AgResults is a $122 million experiment designed to answer the following question: can incentive-based prize contests, notable for successes in spurring the aviation and space industries, help solve market failures in agricultural development? Instead of “pushing” actors to adopt improved technologies and practices, AgResults “pulls” actors to achieve success by paying only for results.
The AgResults Vietnam GHG Emissions Reduction Pilot is testing our central hypothesis in a critical sector: rice production in Vietnam. Typical Vietnamese smallholder rice crop management practices often result in high emissions of methane and nitrous oxide greenhouse gases (GHGs).
The Vietnam Pilot incents the testing and widespread use by smallholder farmers of novel tools, products, and practices that reduce GHG emissions and increase yields. The Pilot targets the Thai Binh province near Hanoi in northern Vietnam, and contains two phases:
- Phase I: Low GHG Technology and Agronomic Practice Adoption: Contest participants, including private sector actors from across Vietnam’s rice industry, will test their technology and management packages on controlled plots during two rice-growing seasons. AgResults will use direct, field-based measurement to determine yield increases and GHG reductions, as well as verify the use of proposed new technologies, in order to award Phase I prizes.
- Phase II: Scaling of behaviors, tools and products to large numbers of farmers: Participants will work over four rice growing seasons to get as many farmers as possible to adopt the Phase I-tested technology package. AgResults will award prizes after each season based on reduced GHG emissions, increased yields, number of farmers reached, and repeated use of the technology by farmers.
A key challenge in the Vietnam Pilot is setting up fair and cost-effective verification.
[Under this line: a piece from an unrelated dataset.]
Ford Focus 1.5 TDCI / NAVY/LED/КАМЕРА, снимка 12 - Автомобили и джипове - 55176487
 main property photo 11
In Phase II, it would be impossible to measure GHG emissions and yields at the field level across potentially tens of thousands of rice plots. Therefore, we will rely on an integrated ICT package developed by the verifier, Applied GeoSolutions.
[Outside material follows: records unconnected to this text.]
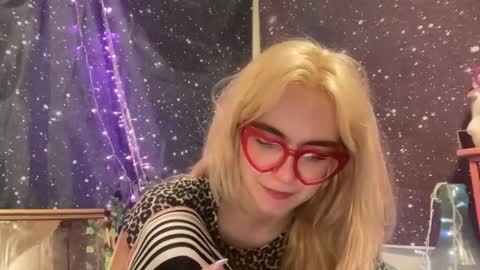 Emi Rose online show from February 1, 4:14 am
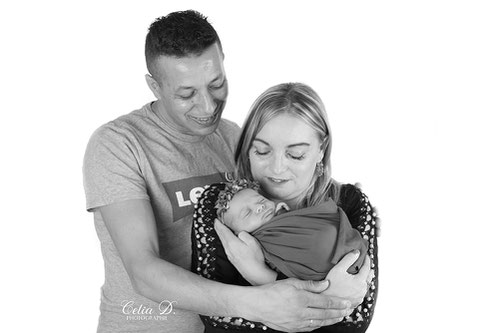Shooting nouveau-né bébé naissance à Dijon Auxonne Beaune Dole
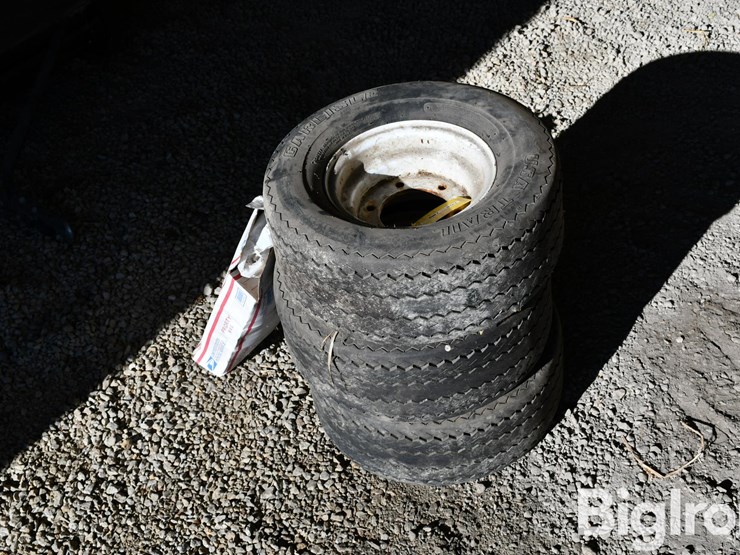 carlisle-20.5x8.0-10-tire-on-6-bolt-rim-image-2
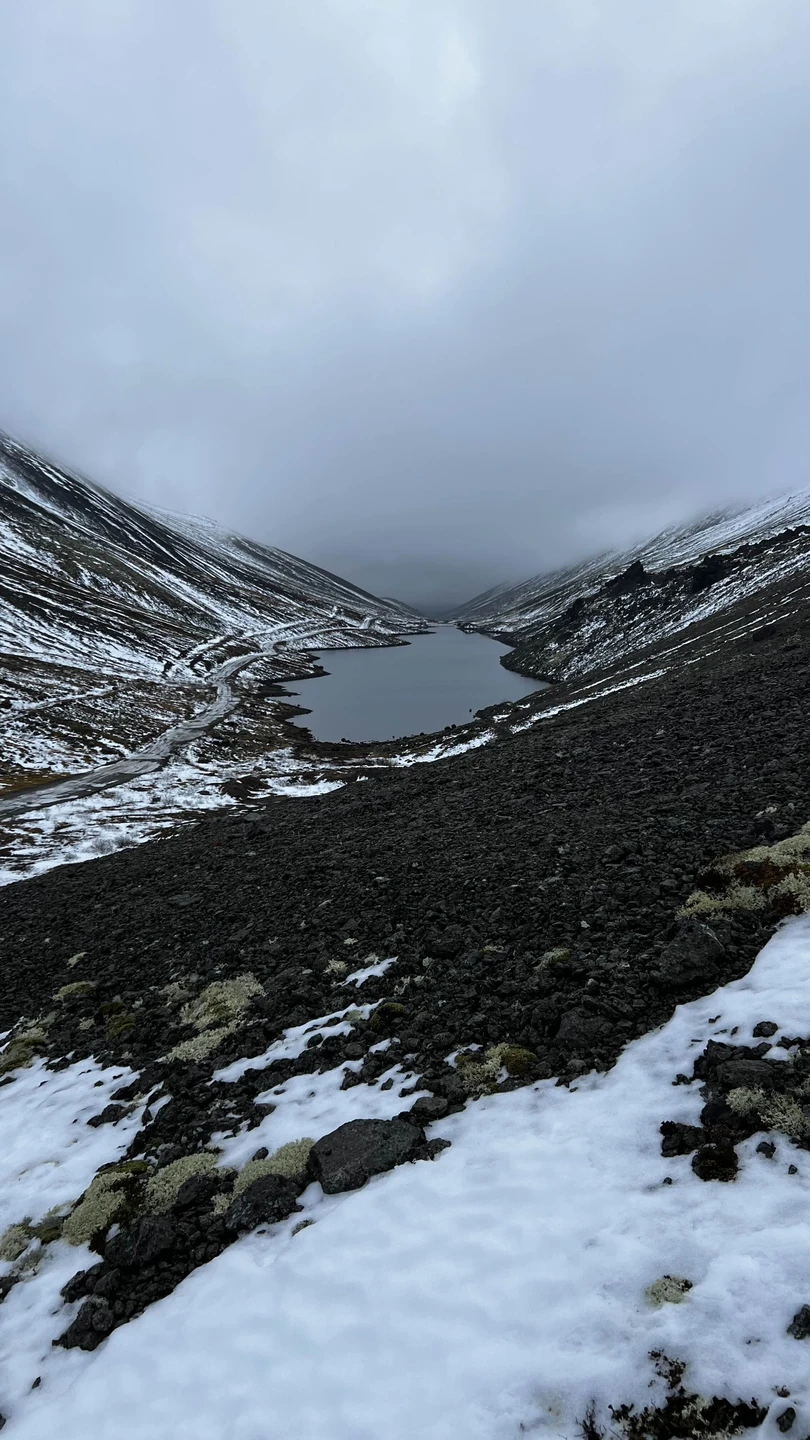 Выбрала эту экскурсию, поскольку маршрут не включал саамов, а больше именно джиппинг и горы. Гид был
Contest Verification Technology
The system includes two sets of data: geospatial and remote sensing data. Geospatial data, collected through custom smartphone apps and uploaded to the cloud, allows us before each growing season to map each field and associated planned technology to be used on that field.
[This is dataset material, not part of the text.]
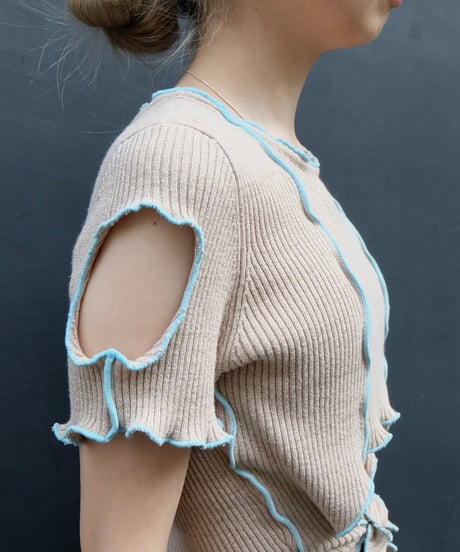 Frill Line Tops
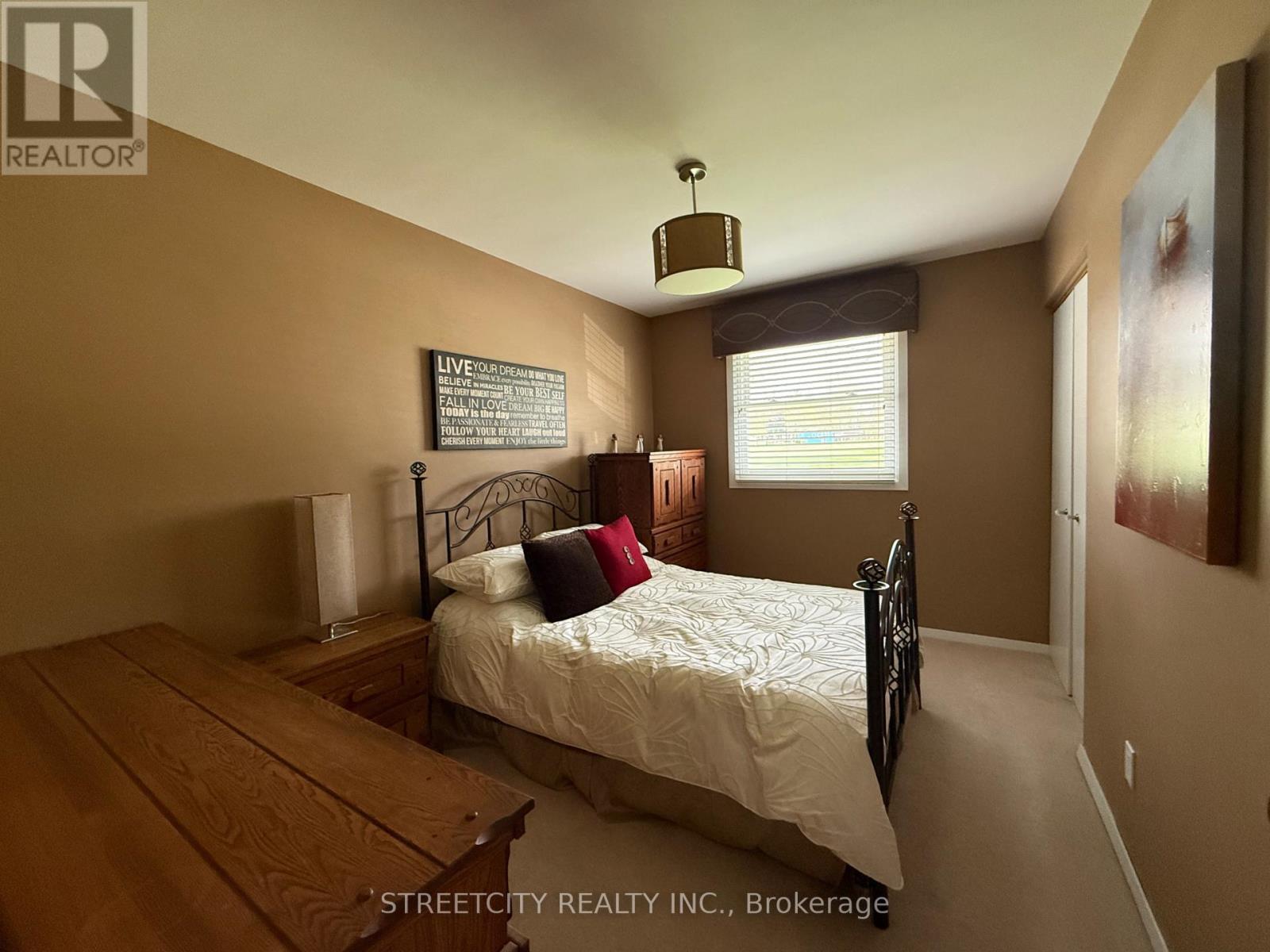 1044 Cathcart Boulevard, Sarnia, Ontario  N7S 2H2 - Photo 8 - X13087058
The remote sensing data, including both optical and synthetic-aperture radar sensing, allows us to identify major cropping events, including clearing, transplanting, flooding, and harvesting. When mapped to the geospatial data, we can ascertain with relatively high certainty whether or not a farmer actually implemented the planned technology package on that particular field.
From that exercise, we can score each contest participant’s seasonal progress and award appropriate prizes.
What About Outcome Sustainability?
A critical learning question concerns the sustainability of any outcomes. If we manage to incentivize improved farming practices through a prize contest, will actors continue to use those practices after we award the final prizes?
The proposed verification system may offer one potential outcome through its efficient data collection, robust quantification, and a high level of government buy-in. These pieces could form the basis of Vietnam’s rice sector participation in international carbon trading markets.
Recently, US rice farmers sold the first farming carbon credits on California’s carbon market – using verification protocols similar to those we plan to use in Vietnam.
Ultimately, the idea of a prize contest is to catalyze change and allow the market to find innovative paths to success. Whatever happens during and beyond the contest, we are excited to see the high level of initial participation by the Vietnam rice sector, and are eager to review the results as the Phases unfold.